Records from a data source
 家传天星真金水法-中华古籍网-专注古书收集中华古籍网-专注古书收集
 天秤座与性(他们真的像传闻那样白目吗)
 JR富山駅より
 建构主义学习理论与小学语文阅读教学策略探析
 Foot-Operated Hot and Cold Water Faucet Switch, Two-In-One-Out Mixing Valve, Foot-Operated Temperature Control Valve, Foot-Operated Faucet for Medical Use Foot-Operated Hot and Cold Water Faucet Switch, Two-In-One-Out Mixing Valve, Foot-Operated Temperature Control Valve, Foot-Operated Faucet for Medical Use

* * *

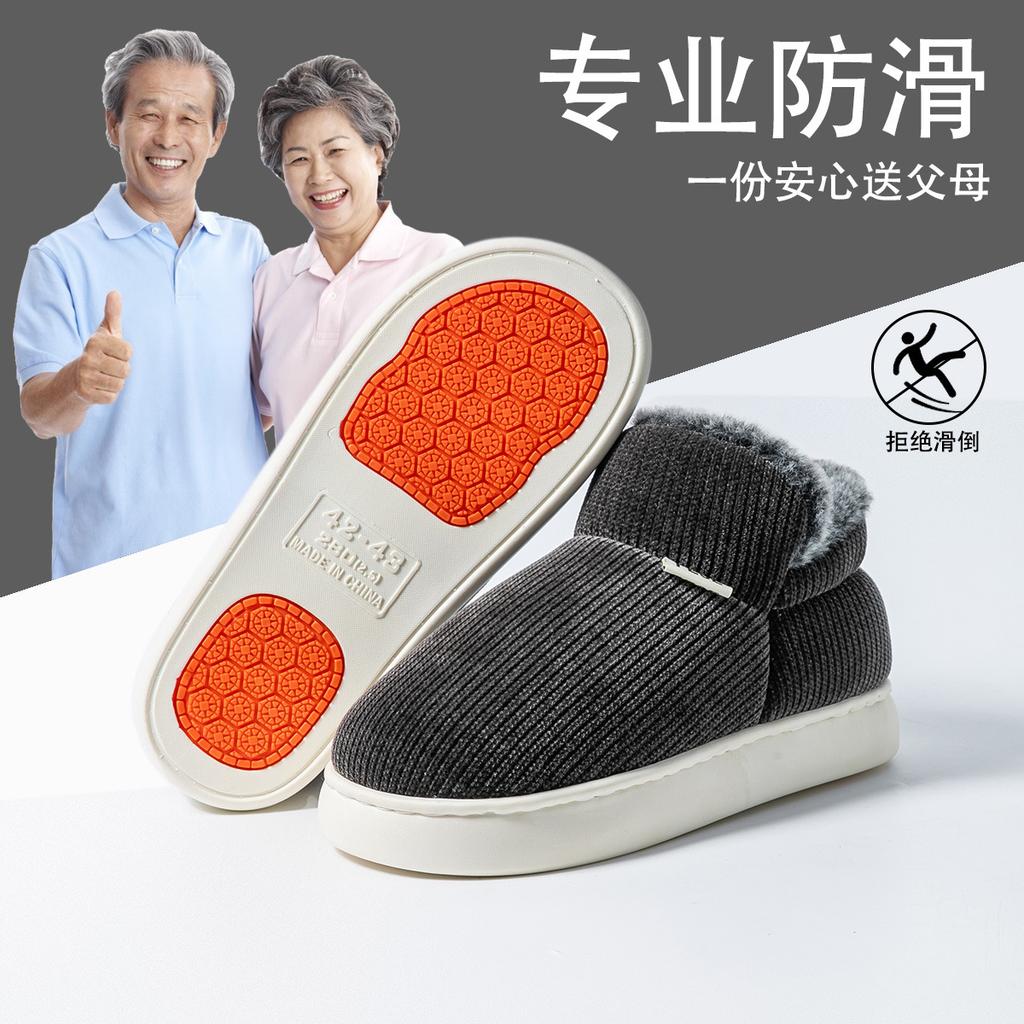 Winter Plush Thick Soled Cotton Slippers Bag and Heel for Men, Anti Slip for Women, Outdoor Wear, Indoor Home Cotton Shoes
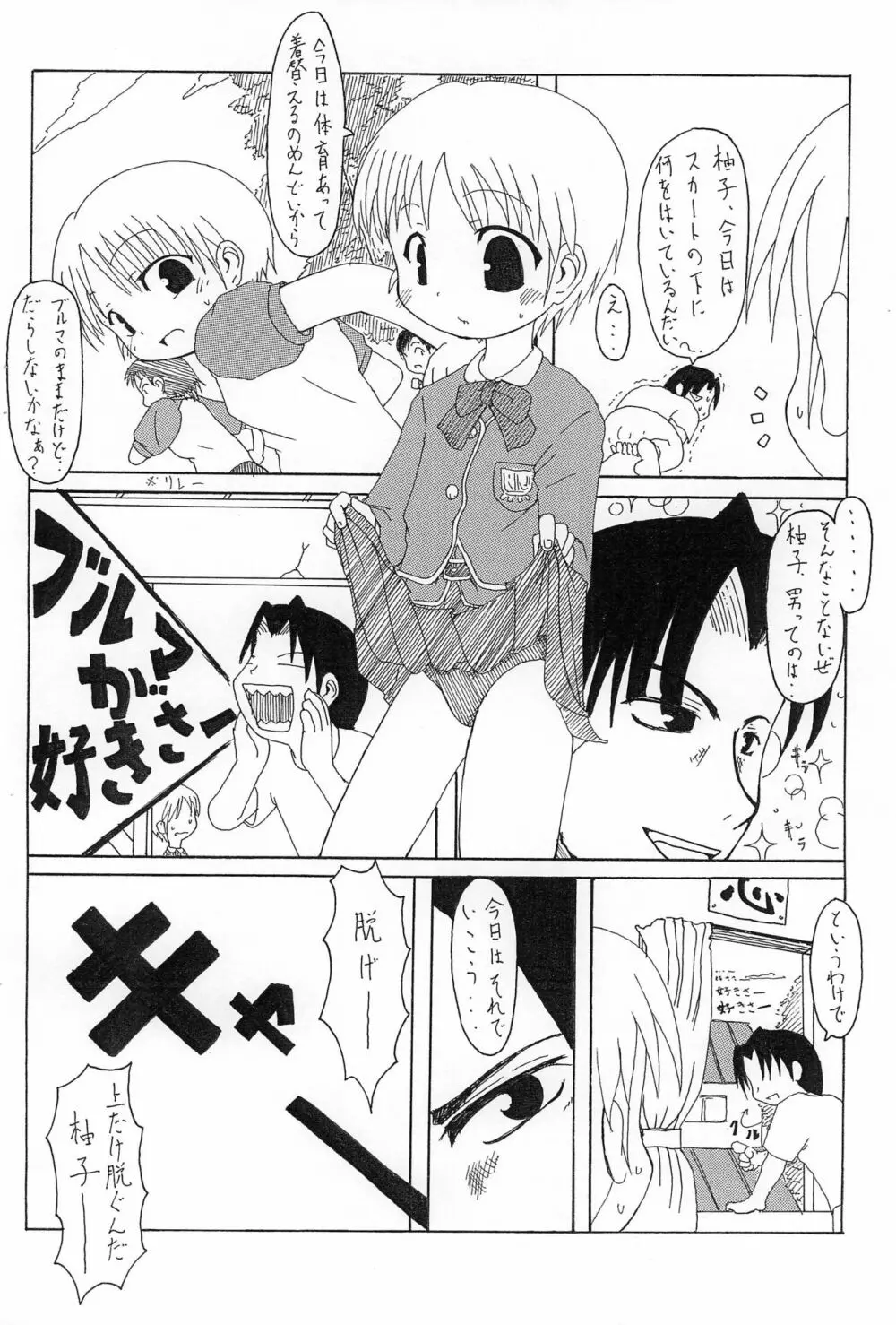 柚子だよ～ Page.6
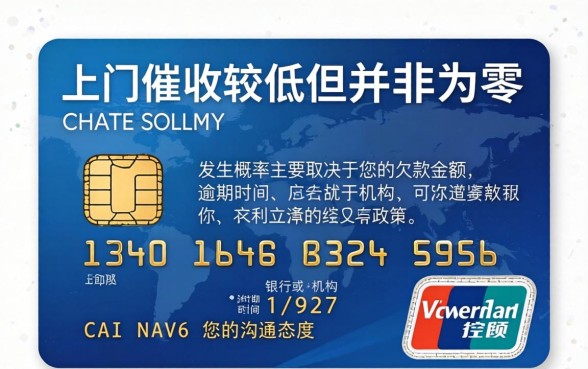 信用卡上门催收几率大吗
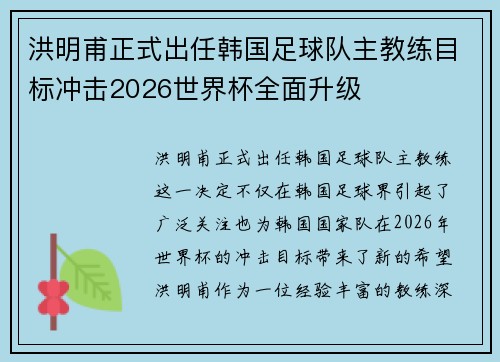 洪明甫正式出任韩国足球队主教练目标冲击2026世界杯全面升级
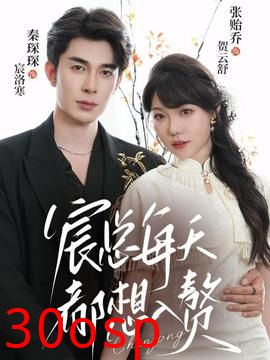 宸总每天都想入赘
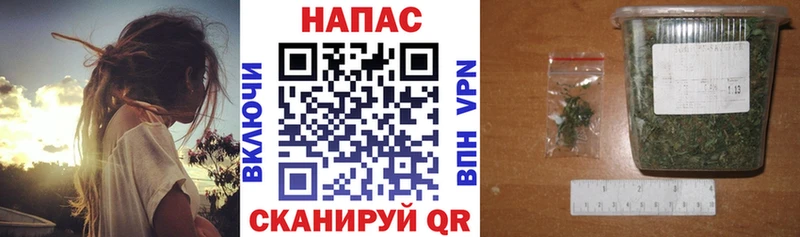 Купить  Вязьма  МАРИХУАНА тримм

> The task
Copy the stretch of the records above that runs from the line with "家传天星真金水法-中华古籍网-专注古书收集中华古籍网-专注古书收集" through the line with "Medical Use Foot-Operated". Both end lines belong in the copy, and nothing else does.

> Answer area
 家传天星真金水法-中华古籍网-专注古书收集中华古籍网-专注古书收集
 天秤座与性(他们真的像传闻那样白目吗)
 JR富山駅より
 建构主义学习理论与小学语文阅读教学策略探析
 Foot-Operated Hot and Cold Water Faucet Switch, Two-In-One-Out Mixing Valve, Foot-Operated Temperature Control Valve, Foot-Operated Faucet for Medical Use Foot-Operated Hot and Cold Water Faucet Switch, Two-In-One-Out Mixing Valve, Foot-Operated Temperature Control Valve, Foot-Operated Faucet for Medical Use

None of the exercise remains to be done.